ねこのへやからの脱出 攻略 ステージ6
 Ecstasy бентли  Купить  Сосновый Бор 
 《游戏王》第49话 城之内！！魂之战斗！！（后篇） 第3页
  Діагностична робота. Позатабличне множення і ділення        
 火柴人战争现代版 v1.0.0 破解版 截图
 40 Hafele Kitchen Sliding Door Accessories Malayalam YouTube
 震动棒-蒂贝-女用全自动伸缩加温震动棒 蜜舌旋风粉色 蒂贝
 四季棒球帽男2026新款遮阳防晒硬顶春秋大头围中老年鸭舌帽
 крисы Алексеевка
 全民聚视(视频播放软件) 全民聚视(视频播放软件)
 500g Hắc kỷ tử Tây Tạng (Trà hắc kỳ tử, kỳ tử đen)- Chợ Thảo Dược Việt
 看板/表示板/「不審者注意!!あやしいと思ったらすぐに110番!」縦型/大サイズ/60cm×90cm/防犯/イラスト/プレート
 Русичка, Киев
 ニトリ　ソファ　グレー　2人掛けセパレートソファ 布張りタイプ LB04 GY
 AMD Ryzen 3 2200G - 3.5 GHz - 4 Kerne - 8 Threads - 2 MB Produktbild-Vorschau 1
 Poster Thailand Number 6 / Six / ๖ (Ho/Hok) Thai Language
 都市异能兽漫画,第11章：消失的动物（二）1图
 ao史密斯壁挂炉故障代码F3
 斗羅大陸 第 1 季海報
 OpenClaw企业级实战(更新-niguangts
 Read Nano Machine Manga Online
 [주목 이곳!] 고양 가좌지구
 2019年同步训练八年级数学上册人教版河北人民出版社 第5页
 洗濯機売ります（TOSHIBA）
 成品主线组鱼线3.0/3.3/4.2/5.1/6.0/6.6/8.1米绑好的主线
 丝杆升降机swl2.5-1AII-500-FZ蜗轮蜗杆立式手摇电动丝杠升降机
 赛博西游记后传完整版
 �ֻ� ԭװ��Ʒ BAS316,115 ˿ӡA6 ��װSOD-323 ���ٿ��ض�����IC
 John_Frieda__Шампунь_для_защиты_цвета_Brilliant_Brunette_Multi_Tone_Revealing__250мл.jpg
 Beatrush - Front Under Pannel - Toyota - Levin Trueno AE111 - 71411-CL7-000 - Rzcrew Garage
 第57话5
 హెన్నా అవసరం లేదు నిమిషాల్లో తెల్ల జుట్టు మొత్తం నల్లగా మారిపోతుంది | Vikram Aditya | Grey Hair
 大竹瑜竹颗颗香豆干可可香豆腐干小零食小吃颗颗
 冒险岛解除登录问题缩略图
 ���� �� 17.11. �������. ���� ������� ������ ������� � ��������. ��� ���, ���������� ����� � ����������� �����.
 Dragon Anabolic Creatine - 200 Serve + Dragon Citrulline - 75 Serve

Assigned task: In the entries above, please find the line with "Діагностична робота. Позатабличне" and the line with "AMD Ryzen 3", then write out exactly those two lines and every line between them, and nothing more.

Answer area:
  Діагностична робота. Позатабличне множення і ділення        
 火柴人战争现代版 v1.0.0 破解版 截图
 40 Hafele Kitchen Sliding Door Accessories Malayalam YouTube
 震动棒-蒂贝-女用全自动伸缩加温震动棒 蜜舌旋风粉色 蒂贝
 四季棒球帽男2026新款遮阳防晒硬顶春秋大头围中老年鸭舌帽
 крисы Алексеевка
 全民聚视(视频播放软件) 全民聚视(视频播放软件)
 500g Hắc kỷ tử Tây Tạng (Trà hắc kỳ tử, kỳ tử đen)- Chợ Thảo Dược Việt
 看板/表示板/「不審者注意!!あやしいと思ったらすぐに110番!」縦型/大サイズ/60cm×90cm/防犯/イラスト/プレート
 Русичка, Киев
 ニトリ　ソファ　グレー　2人掛けセパレートソファ 布張りタイプ LB04 GY
 AMD Ryzen 3 2200G - 3.5 GHz - 4 Kerne - 8 Threads - 2 MB Produktbild-Vorschau 1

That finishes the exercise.